The UI is strangely inconsistent, with a visual achievement book accessible from the main screen, but a text-only inventory, under Menu → Item → Inventory. (Really? Am I going to go hitting achievements so much more than I’m going to change my armor, check my loot, trade items, upgrade my weapons, use healing items, use magical items, or any of the other inventory-based actions to engage with a grind MMO?)

The text is so poorly localized into English, with awkward word choice, confusing sentence fragments, and almost incomprehensible naming conventions. I’m not unsympathetic to the plight of Avabel’s translators and localizers. There are some unique challenges when localizing a game from a character-based Asian language to English. A three-character text field in a Mandarin game, for example, could convey an entire phrase, but only STR or DEX in an English version. In Avabel, English text is both sometimes abbreviated into confusion and sometimes spilling over the sides of text fields.

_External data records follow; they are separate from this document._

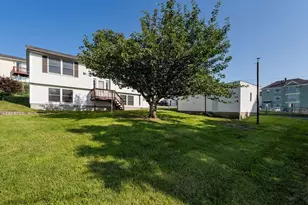 32 Danis St, Fall River, MA 02720 - Photo 6
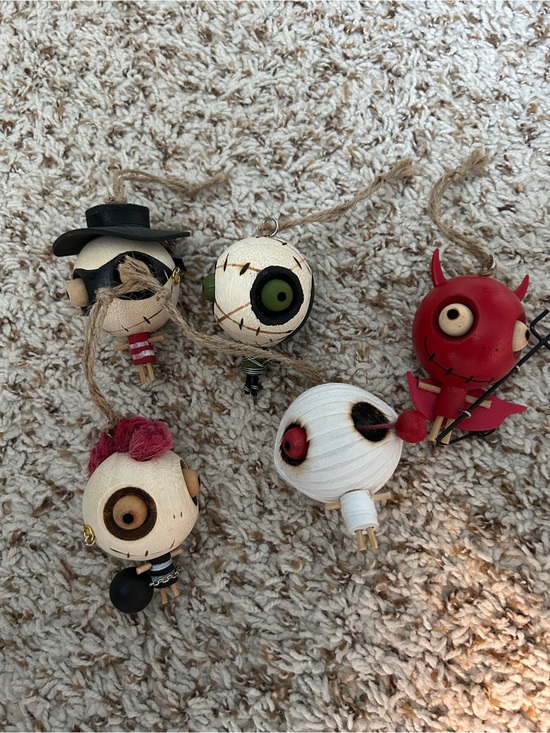 Pier 1 Other - Pier 1 Imports Crazy Heads Halloween Wooden Ornaments Lot of 5 Like New
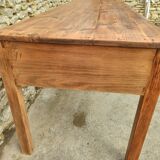 Draper's table, a piece of furniture for the trade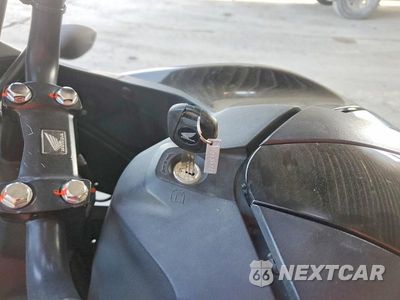 Zdjęcie 8 z 9 samochodu: 2015 HONDA NC700X VIN:JH2RC6309FK100163 - miniatura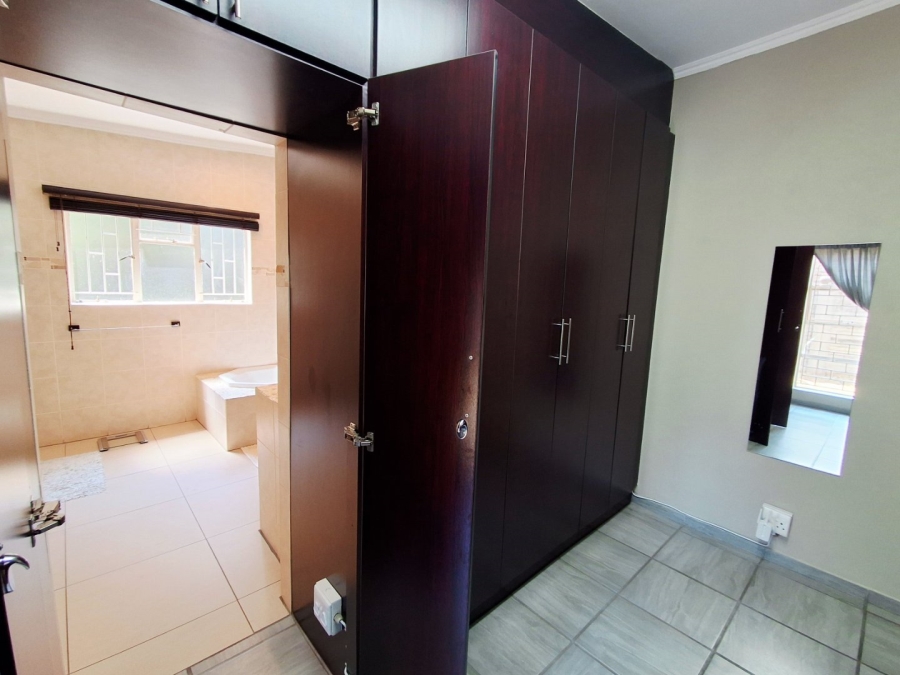 5 Bedroom Property for Sale in Sasolburg Ext 4 Free State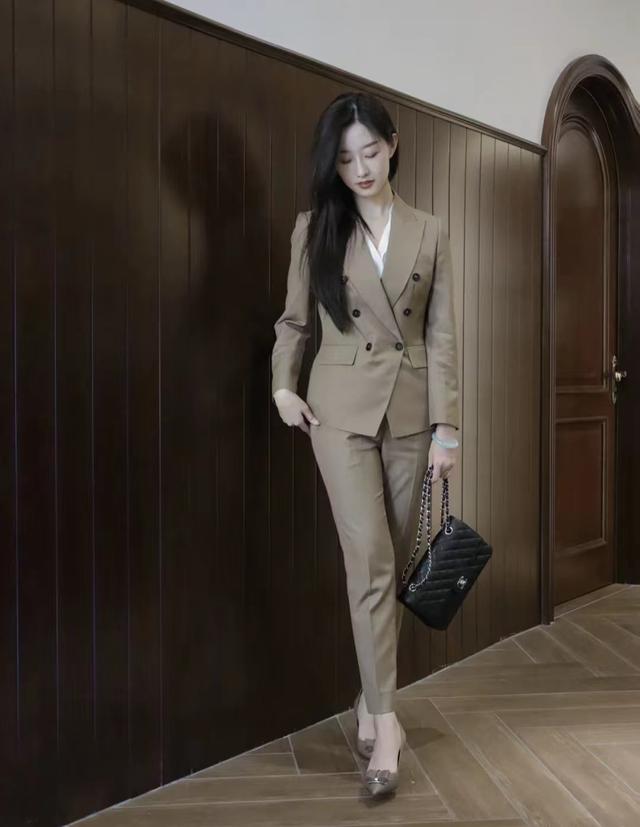 肤色白皮肤黑的穿什么颜色好看(皮肤黑穿这5个颜色既显白显年轻)(12)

Hope For The Future of Tablet MMOs

Avabel could avoid almost all of my complaints by slapping a beta label on one of the endless loading screens. A beautiful MMO — even a fairly awkward, somewhat grindy MMO — that I can play on my iPad in a coffeeshop or while stretched on my bed is such a delightful concept that I’ll give it a lot of leeway. I hope Avabel will sort out the launch kinks and add usability and storyline to make a gorgeous tablet MMORPG a reality.